Collected data
━━━━━━━━━━━━━━━━━━━━
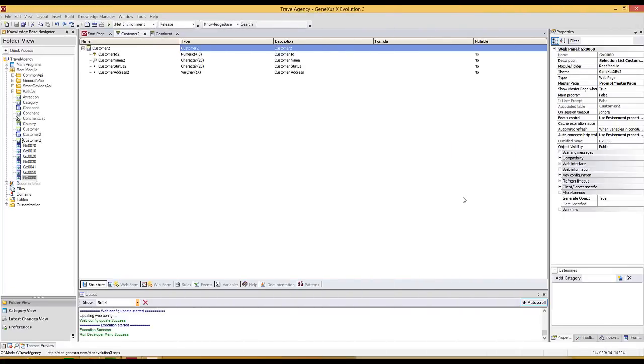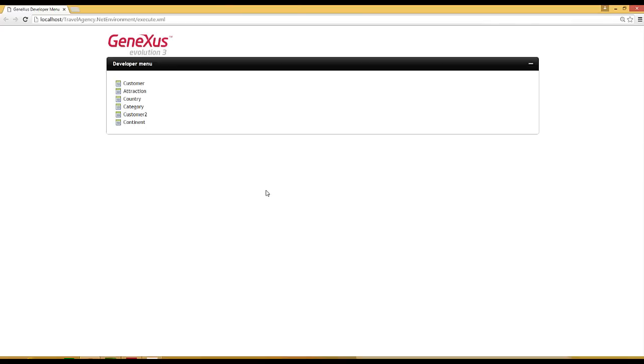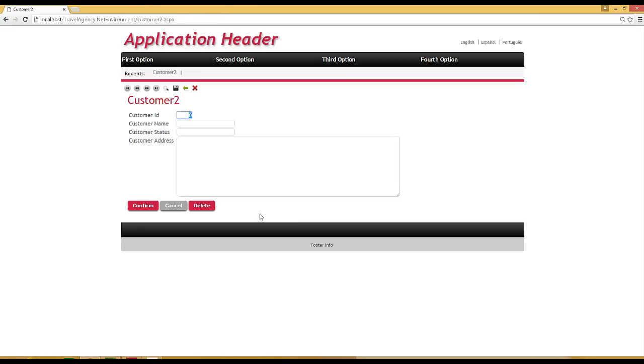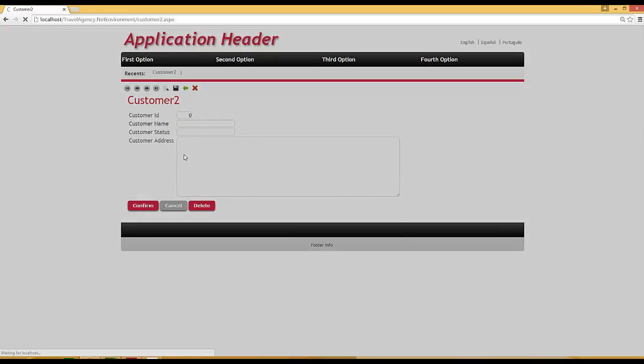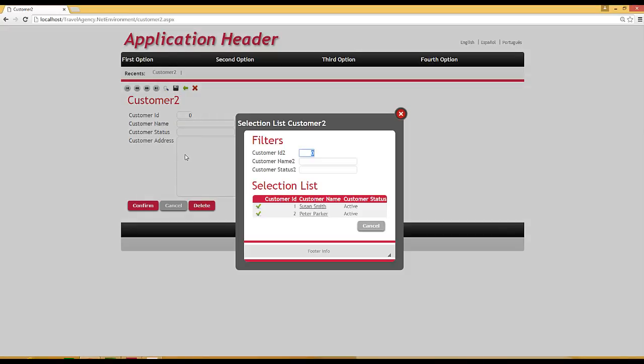We press F5. Now we will open the customer 2 transaction. Remember that through the customer 2 transaction, we access the customer table of the external database.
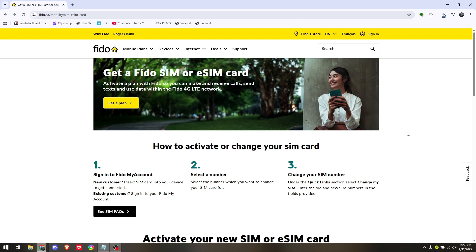How to Activate Fido eSIM for iPhone Online. Before you go ahead and head straight into your iPhone device, you'll have to completely activate your eSIM via Fido's official website at first.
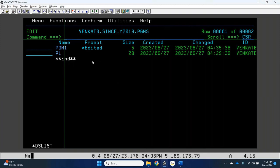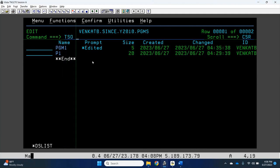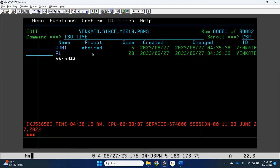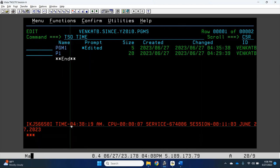To check the server time, the shortcut command is 'pso time'. Hit Enter and you can see the current time on the server — not your Windows system time, but the mainframe server time. This is how you can get the time of that particular server.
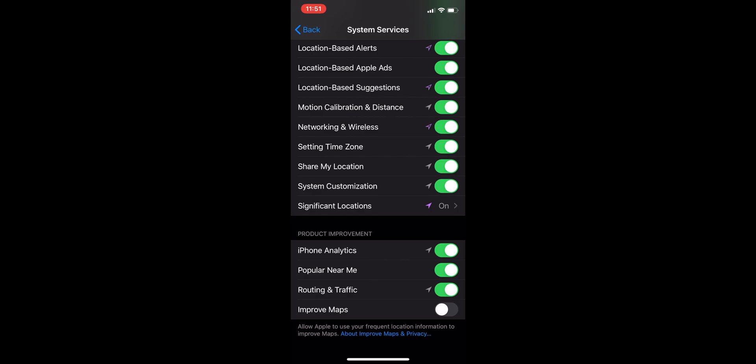It knows where you're at and usually the time you spend at home, it keeps track of that based off of these significant locations. So if you delete these, then it won't know like okay, maybe you should be home at this time, or it'll take you such and such amount of time to get home.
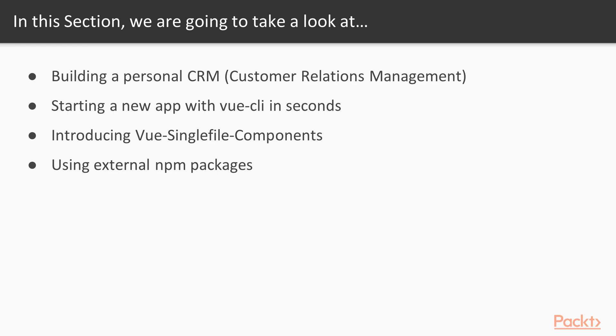And also, we're going to learn how to use external NPM packages, because over the course of this, we'll learn to build a complete app, which should give us access to the whole NPM and JavaScript ecosystem. So we'll go beyond what we can do in the browser from the first section.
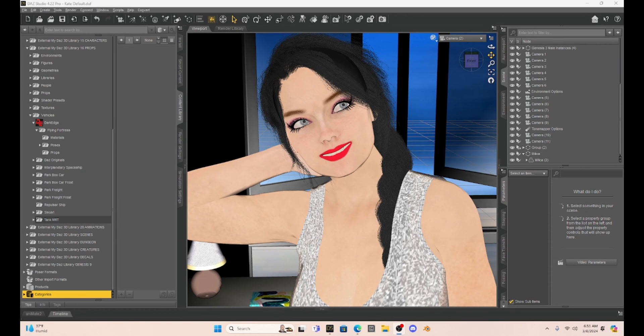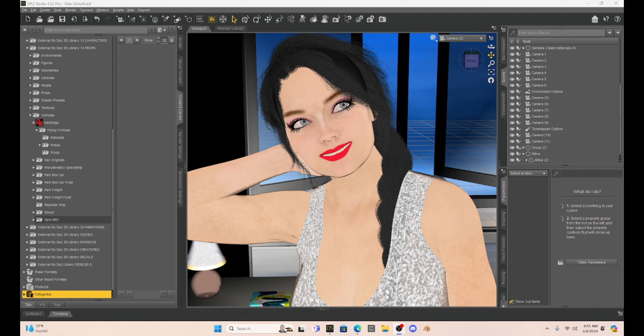Hello, fellow DAZ Studio enthusiasts. I think we finally found what's going on with the update kafafel, and that is a plugin called Heat.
━━━━━━━━━━━━━━━━━━━━
Although the records contain pictures, only their text should be repeated, exactly as it appears.

*TASK ANSWER*.
We press F5. Now we will open the customer 2 transaction. Remember that through the customer 2 transaction, we access the customer table of the external database.
How to Activate Fido eSIM for iPhone Online. Before you go ahead and head straight into your iPhone device, you'll have to completely activate your eSIM via Fido's official website at first.
To check the server time, the shortcut command is 'pso time'. Hit Enter and you can see the current time on the server — not your Windows system time, but the mainframe server time. This is how you can get the time of that particular server.
It knows where you're at and usually the time you spend at home, it keeps track of that based off of these significant locations. So if you delete these, then it won't know like okay, maybe you should be home at this time, or it'll take you such and such amount of time to get home.
And also, we're going to learn how to use external NPM packages, because over the course of this, we'll learn to build a complete app, which should give us access to the whole NPM and JavaScript ecosystem. So we'll go beyond what we can do in the browser from the first section.
Hello, fellow DAZ Studio enthusiasts. I think we finally found what's going on with the update kafafel, and that is a plugin called Heat.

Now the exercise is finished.